Le texte de cette page a été corrigé et est conforme au fac-similé.


Mais, en revanche, de la part de Manteuffel, qui assurerait qu’il n’y eût aucun jeu ni aucun calcul ? Il reconnaît « le fort » de M. Thiers ; et comment, le voyant se diriger avec une aisance souveraine parmi d’extrêmes difficultés, ne l’aurait-il pas reconnu ? Mais il le reconnaît presque trop, jusqu’à faire croire qu’il en connaît aussi le faible, puisque aussi bien il n’est pas d’homme tout à fait exempt des communes faiblesses, et, comme on l’a pu dire d’un autre qui se vantait d’avoir bien plus que M. Thiers et bien autrement réalisé le type de « l’Homme fort, » il y a toujours un défaut à la triple cuirasse du Prince. Seulement, dans la position où ils sont placés l’un vis-à-vis de l’autre, on aperçoit mieux ce que M. Thiers doit gagner à « charmer «  M. de Manteuffel, que ce que peut gagner M. de Manteuffel à flatter M. Thiers ; et l’on aperçoit même, ou l’on devine, à certains indices, ce que Manteuffel pourrait y perdre : le soupçon est prompt, il n’épargne personne, et cette mauvaise langue d’Harry d’Arnim lui donnera corps un peu plus tard, quand il n’appellera plus le général que : « la vieille Française ! »

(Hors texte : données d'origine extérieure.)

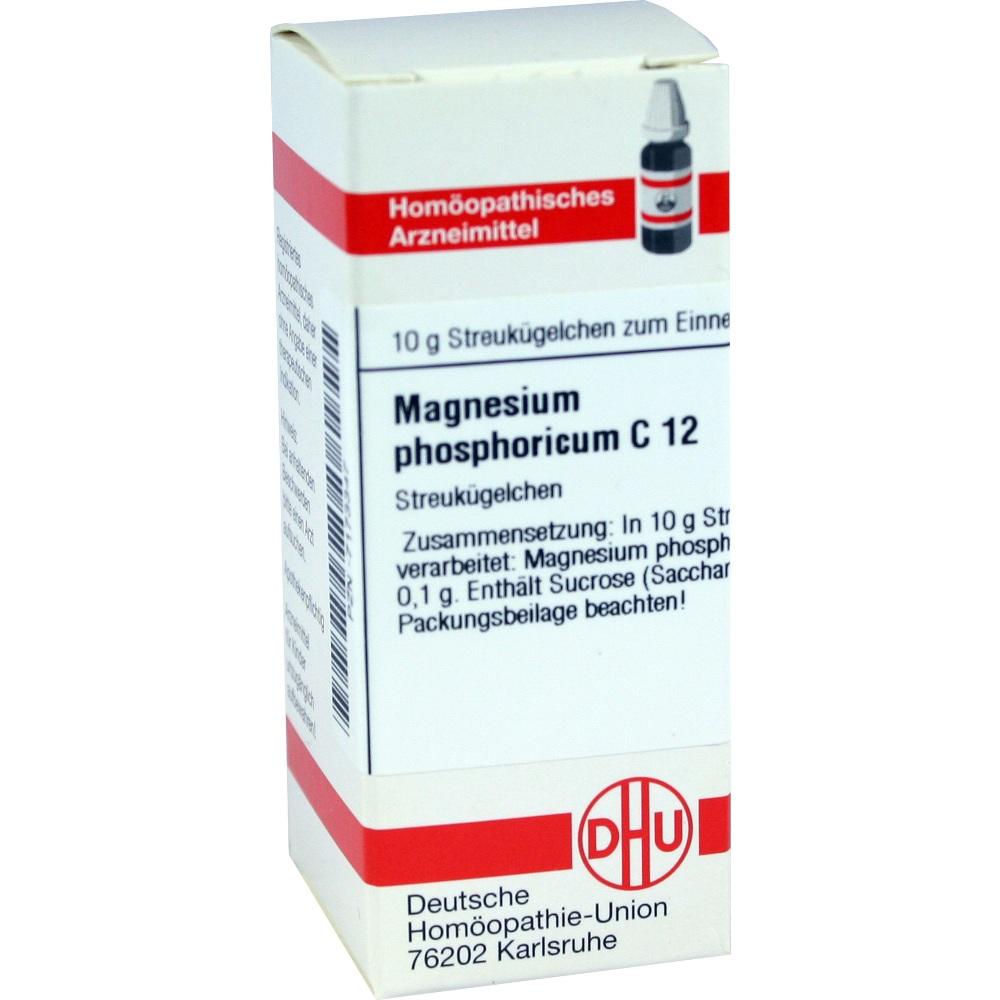 Magnesium Phos C12 null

Si, d’ailleurs, il faut convenir que M. de Manteuffel, pour les malveillans, y aura certainement prêté, ce n’est pas à nous à le lui reprocher. Nous ne saurions lui avoir que de la gratitude, d’avoir tant tenu et tenu malgré tout à passer, suivant le mot de M. de Saint-Vallier, qui remet au point celui du comte d’Arnim, pour « le plus ami de nos ennemis, » Qu’il écrive ou qu’il parle, il ne manque jamais d’affirmer « qu’il est plus Français par le cœur que par la grammaire ; » et, dès le 28 juillet 1871, « trop Français, » ajoute-t-il, au goût de Bismarck et de son entourage. Il ne s’en défend d’abord que mollement, ou plutôt il s’en explique sans s’en défendre, dans une lettre à M. Thiers :


Votre Excellence est trop bonne. Qu’ai-je donc fait ? Rien que mon devoir. Quelle était la situation ? Mon roi m’a donné le commandement de son armée en France. Moi, j’ai dans ma jeunesse étudié l’histoire de la France ; j’ai de même beaucoup lu M. Thiers ; je connais le caractère français. Donc, après avoir fait la connaissance de Votre Excellence et de plusieurs membres de son ministère, j’ai gagné la conviction que ce caractère est représenté dans le gouvernement actuel de la France, et je me suis rendu vis-à-vis de mon gouvernement garant de la loyauté française...


Je m’empresserai de mettre sous les yeux de Sa Majesté copie de la lettre de Votre Excellence, laquelle, vu les sentimens que Votre Excellence y exprime, touchera l’Empereur profondément.